教えて先輩! 私らしく、HAPPYに生きていく方法 ~起業するってどんなこと?その思いは?篇~ Vol.3  株式会社OMOYA 猪熊真理子

ルナルナ編集部が女性に自分自身の「ライフコンパス(Life Compass)」を見つけて欲しいという思いから、様々な女性にインタビューする企画「教えて先輩!~私らしく、HAPPYに生きる方法~」。
第3弾の今回は、社会人女性が活躍するために、その道のプロ講師やワークショップから様々なことを学ぶことができる「女子未来大学」の開催、 多様な立場の女性プロデューサーを集めてのコンサルティング、女性の起業支援といった、女性の意見を社会に反映するための事業を展開している 株式会社OMOYAの猪熊真理子さんに、起業した理由や女性が社会で活躍するためにというテーマでお話を伺いました!

――学生時代から、漠然と起業について意識されていたということですが、どのようなことがきっかけになったのでしょうか?

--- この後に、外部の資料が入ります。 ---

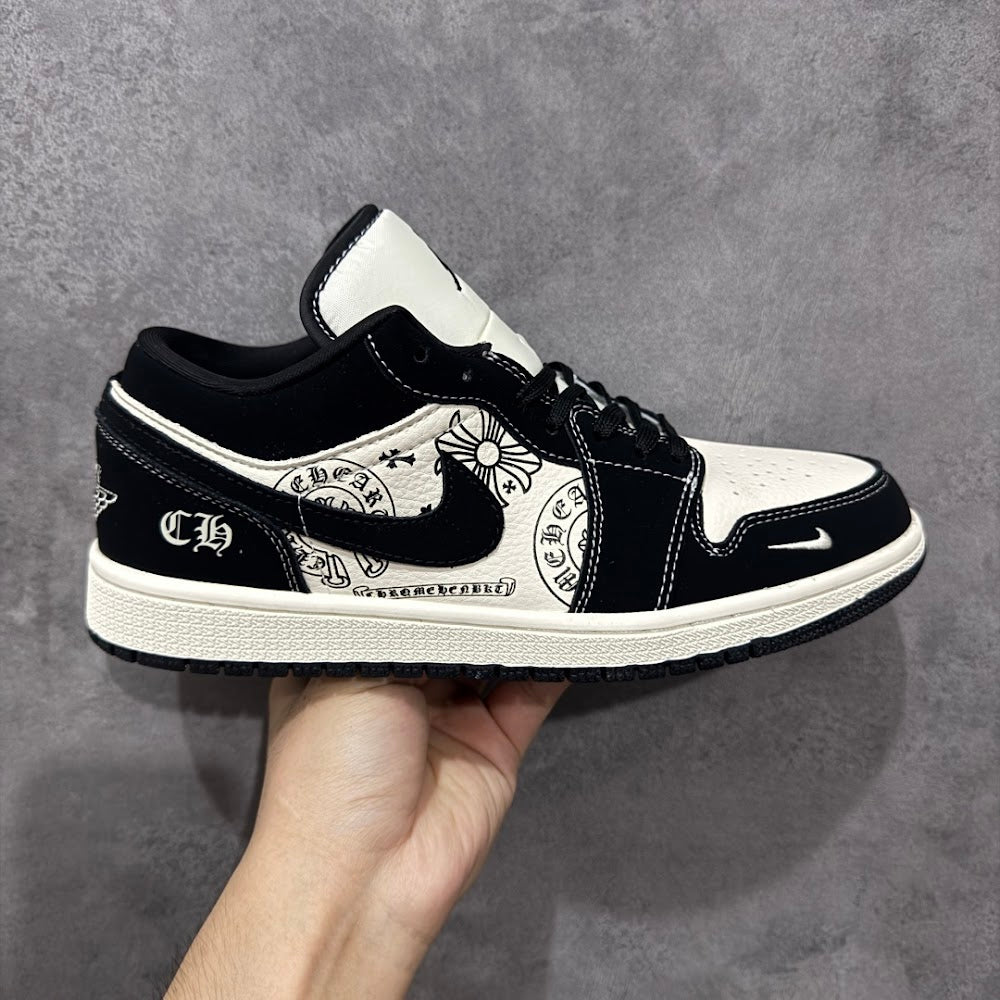 Dragons Bags Nike Luxury Shoes --55129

経営者になりたいと思ったのは大学2~3年生の時です。
在学中は心理学を学んでいて、もともとは臨床心理士になりたいと思っていました。
そんなとき、勉強していて興味を持ったのが「女性の自信形成」についてだったんです。
物も情報も豊かな日本の女性達が、「私なんか」と、なぜここまで自信が持てないのかということが疑問で、
その疑問を解決したくて心理学研究をしているうちに「女性が自信を持って豊かに生きていくために、自分は何ができるんだろう?」と思うようになりました。
大学生の時、多くの経営者の方にお会いする機会がありました。
その中で、人間性を高めないと経営者として成功しても意味がないと学ばせていただいたんです。
同時に、経営という仕事にも非常に魅力を感じました。
自分が考えたこと、経験したことがすべて事業として社会に反映される仕事、自分100%で生きられる、という感じですかね。
人間性を高めるには最適だと思いました。
もちろんその頃は経営や事業というものも分からなかったので、単純に「女社長」という響きに憧れもありましたけどね(笑)
卒業後、すぐに起業することを視野に入れていたので、あまり就職活動はしませんでした。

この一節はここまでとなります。